December 1 2008 at 1:06 PM
Louise  (Login mystikit8)

I am at a loss. Sometimes it feels like my H and I are going to be fine. We will go days where the A is the last thing we talk about, the rest of the day it feels almost like normal. Just being with our kids and living our lives, laughing even.
There are always questions though that pop into my head. His answers do not help me feel better and always seem full of holes. Like he is answering from his mindset now, not when he was involved with the OW.
I find in moments when we are together, lying in bed in the morning or cuddling on the couch after the kids are in bed, I am happy at first and enjoy being close to him. The longer we are like that, the more I want to push him away from me. I can not stand that he looks to comfortable and content, while I am still racked to the core from his lies. My merely holding him makes him feel better, but he is still unable or unwilling to provide the answers I need to feel comfort and trust.
The other night while he was working I started reading some of the old emails between him and the OW. I was looking for the name of some place they had planned to go dancing. My H and I passed it coming home from grocery shopping and I asked him if he remembered the name of the place and he said he didn't even remember making plans to go dancing with her. I though, whatever, I recognized the name, but I wanted to be sure. After skimming the emails looking for it I was reminded just how bad they had been. He got home and I had to do my best not to pick a fight with him.
I remember how in the beginning I would read the emails and get upset and want explanations from him. If he could only do that I would feel just a bit better. Like he really was sorry and wanted to share everything with me. Seeing the emails again after not looking at them for so long, I feel like I want nothing to do with the man who wrote them. I just want out.

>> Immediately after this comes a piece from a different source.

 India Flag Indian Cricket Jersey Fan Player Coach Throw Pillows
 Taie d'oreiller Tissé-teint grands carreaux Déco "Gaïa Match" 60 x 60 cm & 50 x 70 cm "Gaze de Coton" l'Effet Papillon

I was sorta mopey all weekend. He would ask me what was wrong or what I was thinking, but I would not want to talk about it. That happens a lot lately. I was always the one that wanted to talk and now I just can not get the words out, like they get stuck in my throat.I think I feel like talking is not going to help, because is has not in the past... so what is the point.
I feel like MC has been pointless. I do not even know why we are going anymore. At first it was because of the affair. Last night I asked my H if he even wanted to keep going. He said he liked going and that he felt like he learned that he has never really been completely open with me our entire marriage. So , I asked him if that had something to do with the A. Would he have not gotten involved with the OW and confided so much or complained about me to her if he was more open with me? What was it about me that made it so hard for him to open up to me? He said that he usually complained about things that did not bother him that much or he knew I would be right about anyway so why start and argument by expressing his opinion.
I told the MC two weeks ago, at our last appointment, that I did not think I would be coming back. My H is going this week and I am welcome to come, but I want him to go alone, part of me also wants to go to discuss this further with our MC.

I don't know. I feel like I have to forget to forgive. But I never really forget and so I lose all feeling of forgiveness.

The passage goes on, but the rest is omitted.